Hi.
I've got a problem with the hibernate Event system. The following constellation mapping:
A->B->C
All mappings are implemented as sets with all-delete-orphan cascades.
Deleting A deletes all objects related to A (B+C).
Now I have an additional mapping D this references the object C with a many-to-one mapping no cascades. No mapping is done from C to D. So C knows nothing about D. If I create a record for D, referencing C, I can't delete A, B or C anymore because of the foreign key constraint. Hibernate won't remove D automatically - I have to live with that and I would have to delete D first manually before deleting A.
Now the Events come to rescue. In this I check in onDelete if it's an instance of C and execute a delete on table D with the id of C. Here comes the problem. If I delete A i have no problem - everything works and my onDelete is called. But If I delete C directly, I get an StackOverflowException, because when I delete records in D, the onDelete is called AGAIN for object C in an endless loop. I don't know why this happens. Here's the onDelete implementation:
Code:
public class VoDeleteListener extends DefaultDeleteEventListener implements DeleteEventListener {
public void onDelete(DeleteEvent pEvent) throws HibernateException {
clearActions(pEvent);
super.onDelete(pEvent);
}
public void onDelete(DeleteEvent pEvent, Set pArg1)

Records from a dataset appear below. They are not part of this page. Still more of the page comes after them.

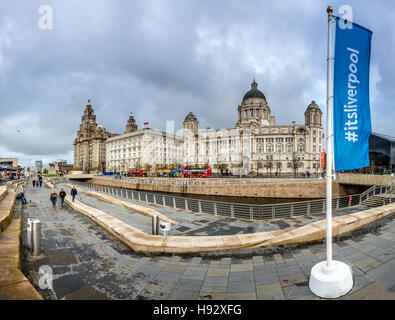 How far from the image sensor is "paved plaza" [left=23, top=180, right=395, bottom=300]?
158 inches

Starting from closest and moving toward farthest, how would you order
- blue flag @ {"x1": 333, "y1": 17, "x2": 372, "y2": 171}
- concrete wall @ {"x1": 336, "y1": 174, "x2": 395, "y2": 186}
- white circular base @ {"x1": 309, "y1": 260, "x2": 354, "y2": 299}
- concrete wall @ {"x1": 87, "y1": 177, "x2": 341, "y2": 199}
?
white circular base @ {"x1": 309, "y1": 260, "x2": 354, "y2": 299} → blue flag @ {"x1": 333, "y1": 17, "x2": 372, "y2": 171} → concrete wall @ {"x1": 336, "y1": 174, "x2": 395, "y2": 186} → concrete wall @ {"x1": 87, "y1": 177, "x2": 341, "y2": 199}

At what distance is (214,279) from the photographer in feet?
15.1

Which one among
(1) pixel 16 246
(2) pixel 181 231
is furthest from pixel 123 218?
(1) pixel 16 246

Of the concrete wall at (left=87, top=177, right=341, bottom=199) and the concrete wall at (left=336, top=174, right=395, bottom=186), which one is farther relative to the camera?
the concrete wall at (left=87, top=177, right=341, bottom=199)

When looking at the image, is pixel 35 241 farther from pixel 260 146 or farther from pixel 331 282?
pixel 260 146

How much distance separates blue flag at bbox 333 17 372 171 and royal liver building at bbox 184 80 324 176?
76684 mm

throws HibernateException {
clearActions(pEvent);
super.onDelete(pEvent, pArg1);
}
private void clearActions(DeleteEvent pEvent) {
if (pEvent != null) {
if (pEvent.getObject() instanceof Foo) {
Foo lFoo = (Foo) pEvent.getObject();
String lHQL = "delete from sometable where foo = :foo";
Query lQuery = pEvent.getSession().createQuery(lHQL);
lQuery.setParameter("foo",lFoo);
lQuery.executeUpdate();
}
}
}
}
Why does a deletion of D (lQuery.executeUpdate();) trigger the onDelete of C again, and again, and again?